Director: Michael Noer
If ever there was a remake of a classic film that definitely did not need to be made, Papillon is it. The original is so great, has such wide scope, experiments a ton, and features a performance by Dustin Hoffman as Dega that will just blow you away. The do-over is below average, trims off everything that was enjoyable about the first, plays it safe with every scene, and asks two actors who aren’t up to it to carry a weak feature, that got a nice head start, across a distance finish line. This film was destined to fail; neither its director nor its cast were set up for success, nor to they have the talent to surprise. The result is weak sauce, when what the 1973 version had to offer was bite after bite of fascinating flavor.
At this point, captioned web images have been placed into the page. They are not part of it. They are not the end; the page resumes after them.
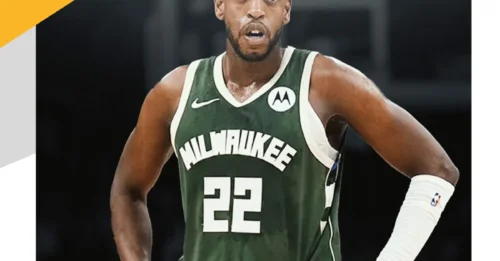 The Lakers are set to make waves with a blockbuster signing: A three-time All-Star legend with impressive stats of 15 points, 5 rebounds, and 4 assists per night!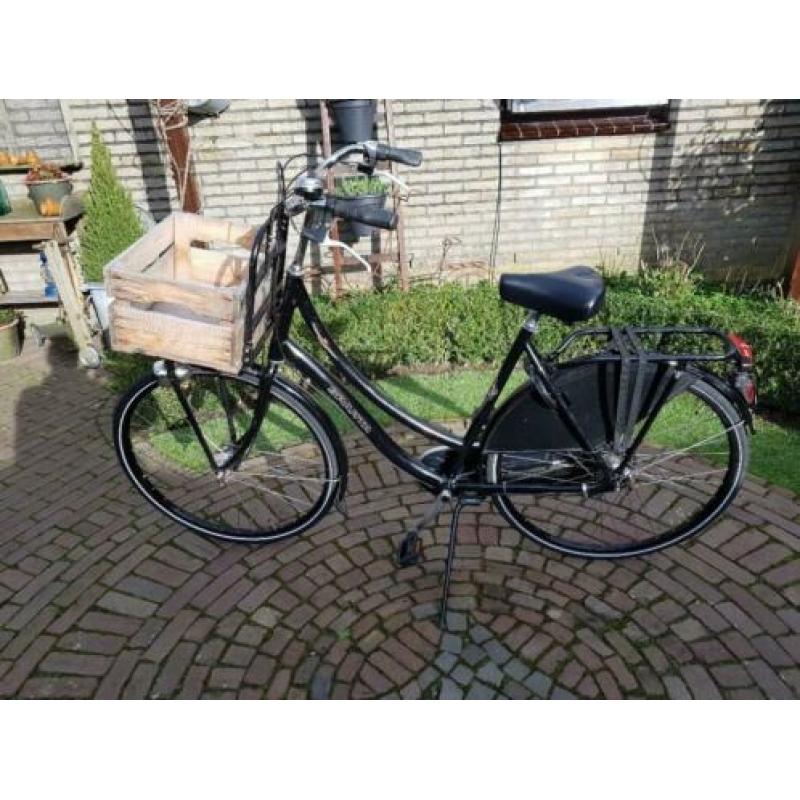 Te koop mooie Sparta Granny omafiets met 3 versnellingen
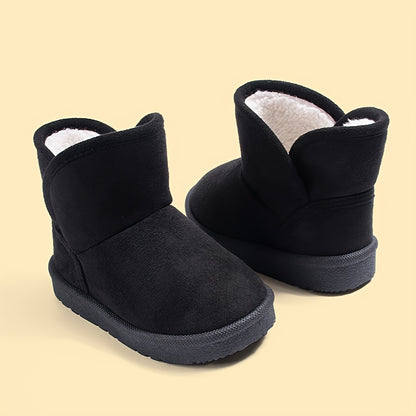 Girls Snow Boots - Plush Lined 307365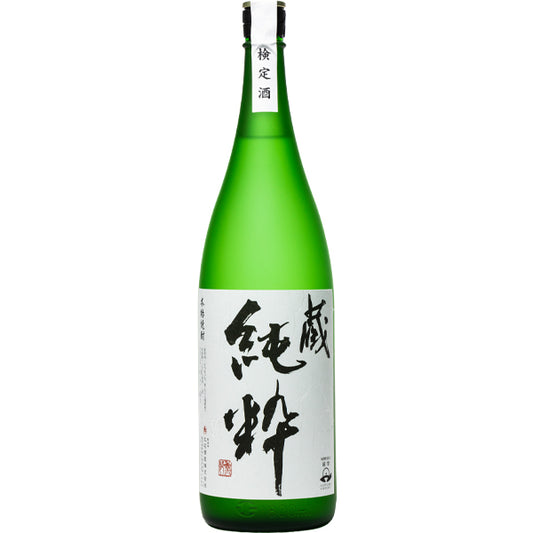 蔵純粋 約40° 1800ml -芋焼酎-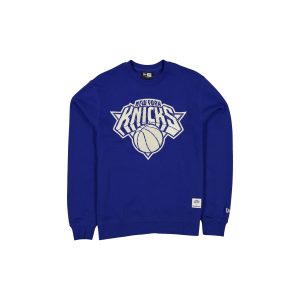 Quilted Crewneck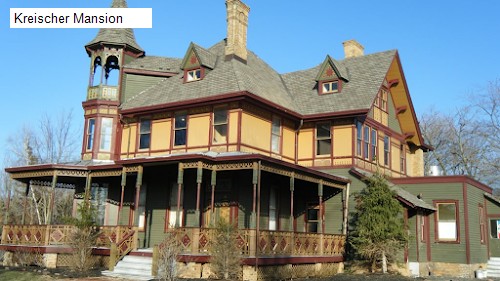 Kreischer Mansion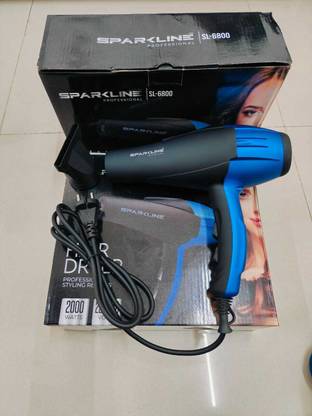 Sparkline SL-6800 Hair Dryer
Accused of a crime he didn’t commit, a Frenchman nicknamed Papillon is taken to the infamous penal colony in French Guiana to serve his time. Hard labor awaits him amid the crocodile-ridden and malaria-invested swamps of the colony, and Papi knows that his only chance at survival lies in escape. Among his fellow prisoners is infamous (and very wealthy) counterfeiter Louis Dega, who hopes to buy his way out of jail, but needs to survive long enough to do so. The money he swallowed is simply begging to be cut out by an opportunistic thief, so he and Papillon strike a deal; protection for Dega and a funded escape for Papi. The two become close allies and friends as their stay at the colony, in solitary confinement, and on Devil’s Island grows longer and longer. As their hope dwindles and their bodies age, each man will have to accept his fate, or go mad trying to fight it.
So Charlie Hunnam is a Brit doing an American accent playing a famous Frenchman. Why exactly? Why did they have him and everyone else do American accents? The director is Danish, Hunnam is English, Malek is from California, born of Egyptian parents; what were they thinking? Everything about this movie feels fake and forced, and it’s no wonder; it literally is. They took the original concept, dumbed it down, removed all the heart, and then tried to pretend that what we were being fed was choice meat. Audiences can tell the difference, even if filmmakers can’t, or think we’re too stupid to know what’s honest and what’s crap, and this remake is crap, from beginning to end. The script is awful, the action is muted, Hunnam, who I like on occasion, can’t do the job, and I’m really starting to get pissed off by Malek, especially after Bohemian Rhapsody. I even liked him enough in it, but the more awards it won the grumpier I became, and now, after this performance, I don’t think I’ll be watching him much anymore. He’s no Hoffman, that’s for sure, and that is a major reason to recommend & to watch the first Papillon; there’s nothing much to say to defend this version, it’s simply a bad try.